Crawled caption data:
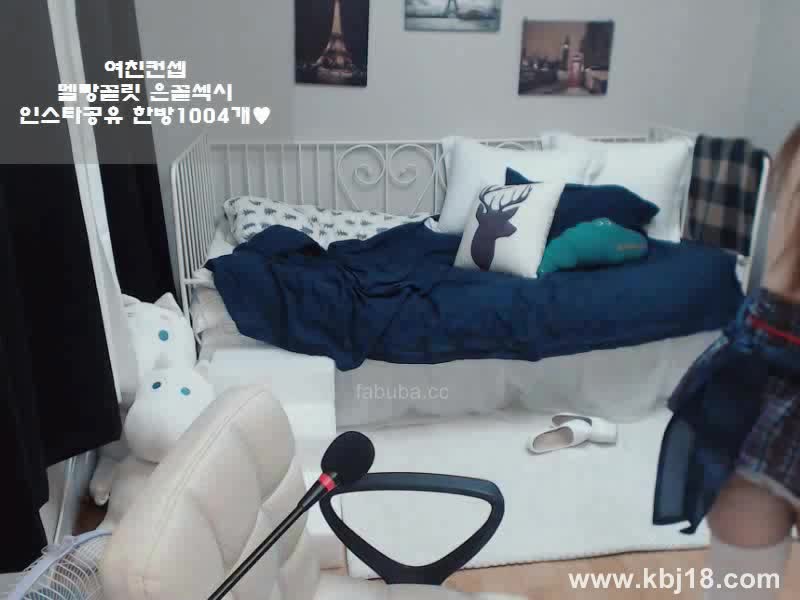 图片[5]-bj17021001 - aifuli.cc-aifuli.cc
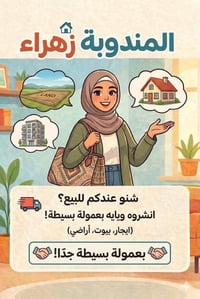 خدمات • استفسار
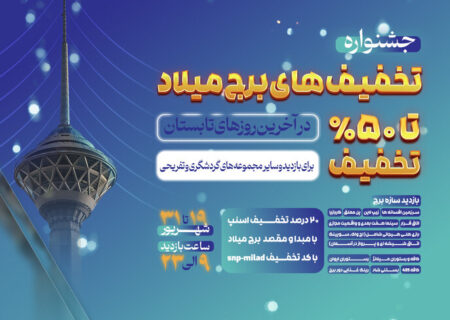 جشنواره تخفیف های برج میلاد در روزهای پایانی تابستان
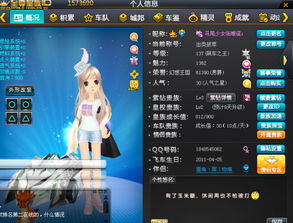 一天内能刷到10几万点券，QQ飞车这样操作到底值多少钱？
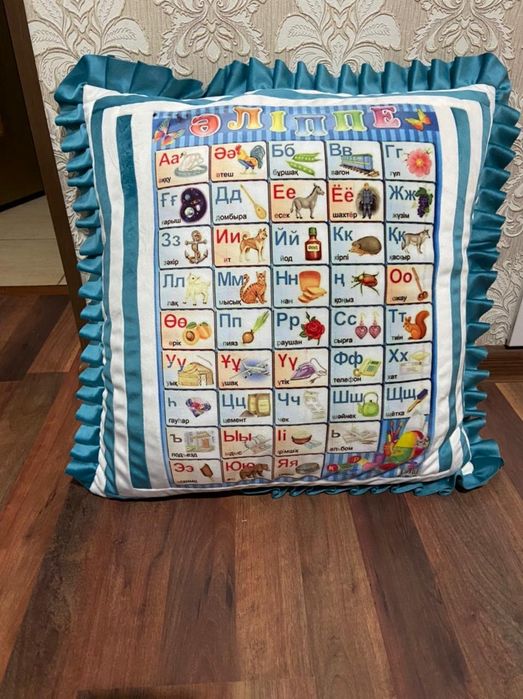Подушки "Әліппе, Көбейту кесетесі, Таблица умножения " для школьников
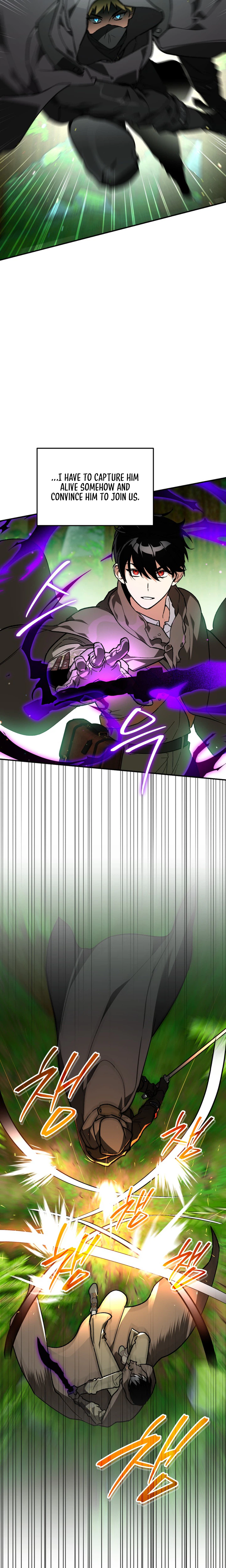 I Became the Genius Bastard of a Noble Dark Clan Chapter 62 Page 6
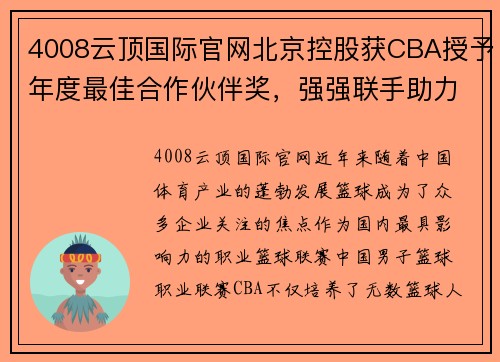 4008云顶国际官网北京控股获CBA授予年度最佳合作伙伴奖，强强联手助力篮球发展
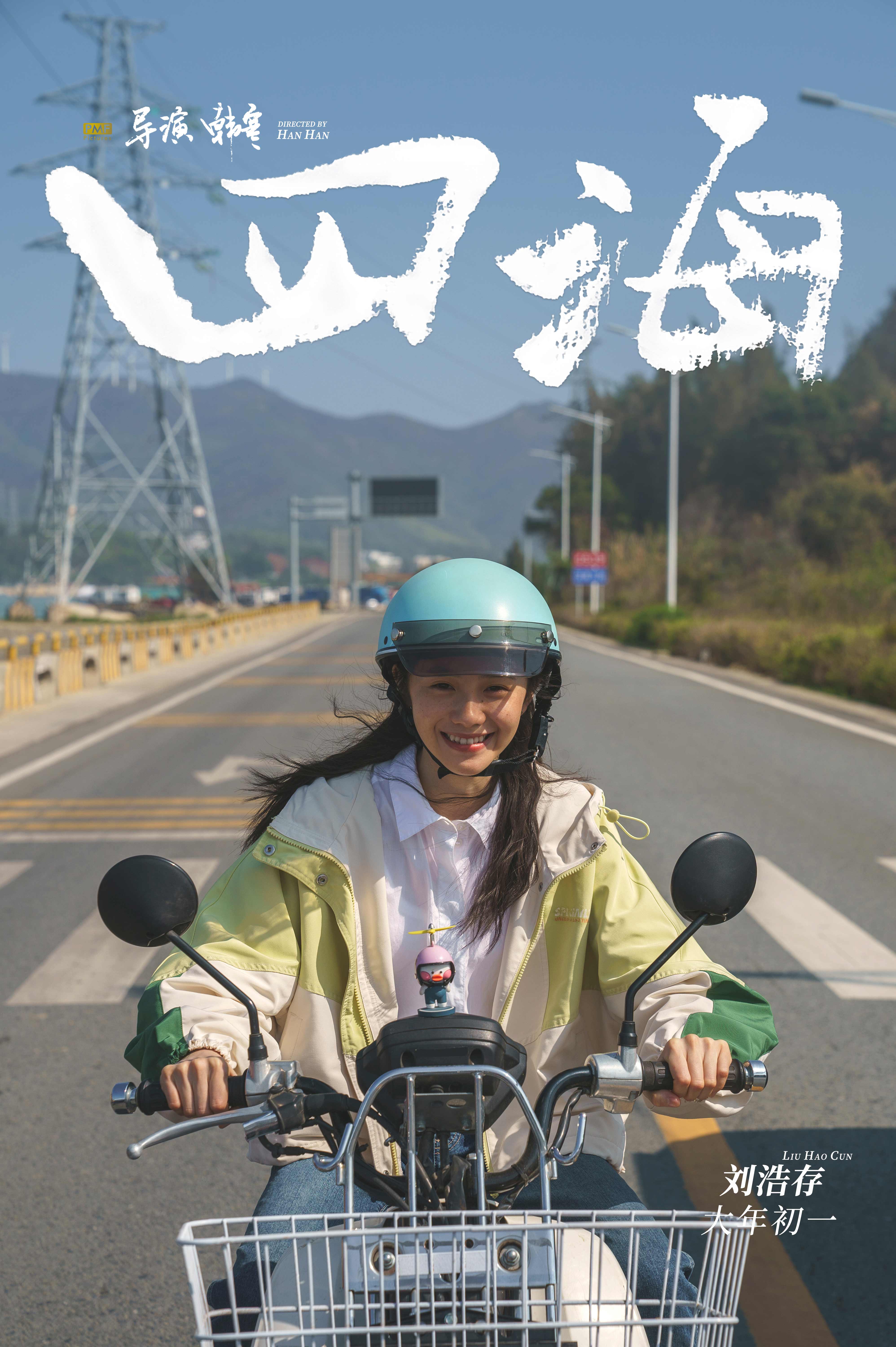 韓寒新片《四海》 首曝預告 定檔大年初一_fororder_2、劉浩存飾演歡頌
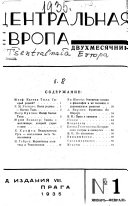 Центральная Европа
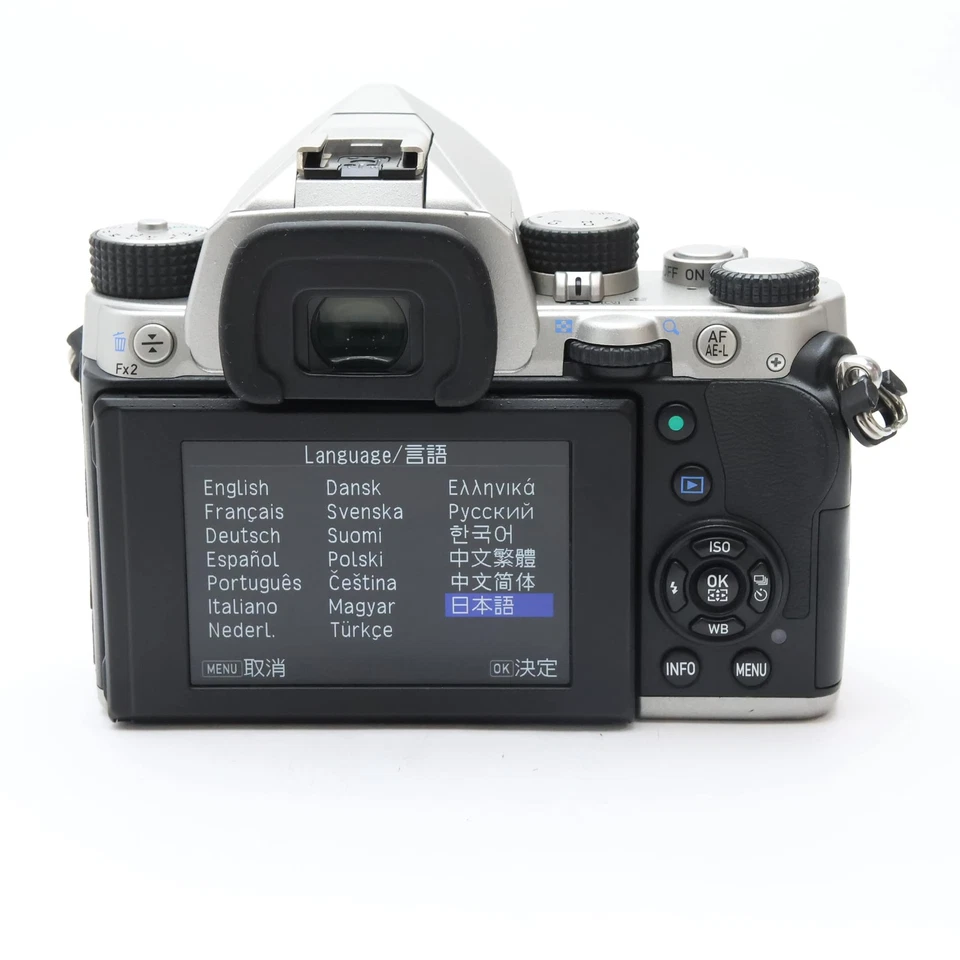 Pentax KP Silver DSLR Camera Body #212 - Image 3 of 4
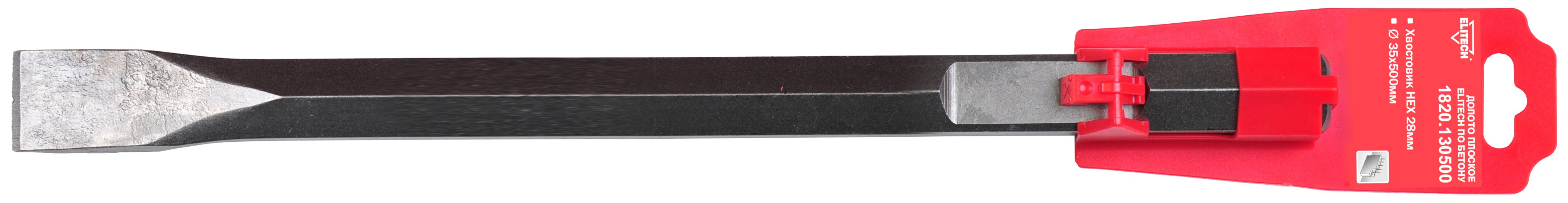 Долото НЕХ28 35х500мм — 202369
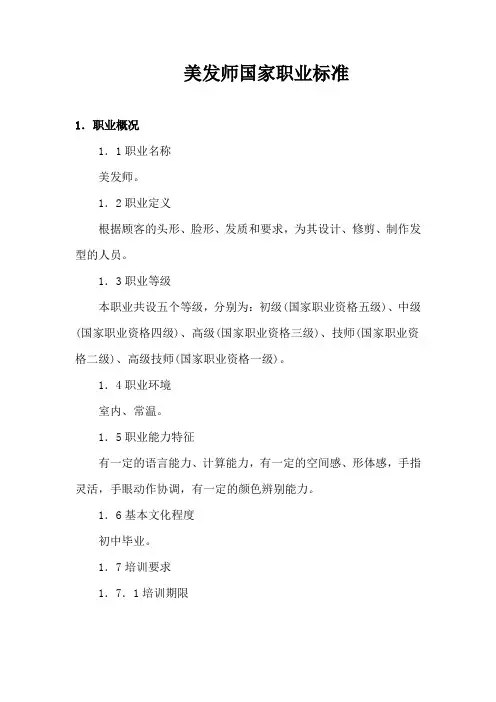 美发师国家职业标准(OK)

--- REQUIREMENT ---
Begin with the line containing "韓寒新片《四海》 首曝預告 定檔大年初一_fororder_2、劉浩存飾演歡頌" and end with the last line of the entries above. Copy those lines exactly, both ends included, and drop every picture.

--- WRITTEN SOLUTION ---
 韓寒新片《四海》 首曝預告 定檔大年初一_fororder_2、劉浩存飾演歡頌
 Центральная Европа
 Pentax KP Silver DSLR Camera Body #212 - Image 3 of 4
 Долото НЕХ28 35х500мм — 202369
 美发师国家职业标准(OK)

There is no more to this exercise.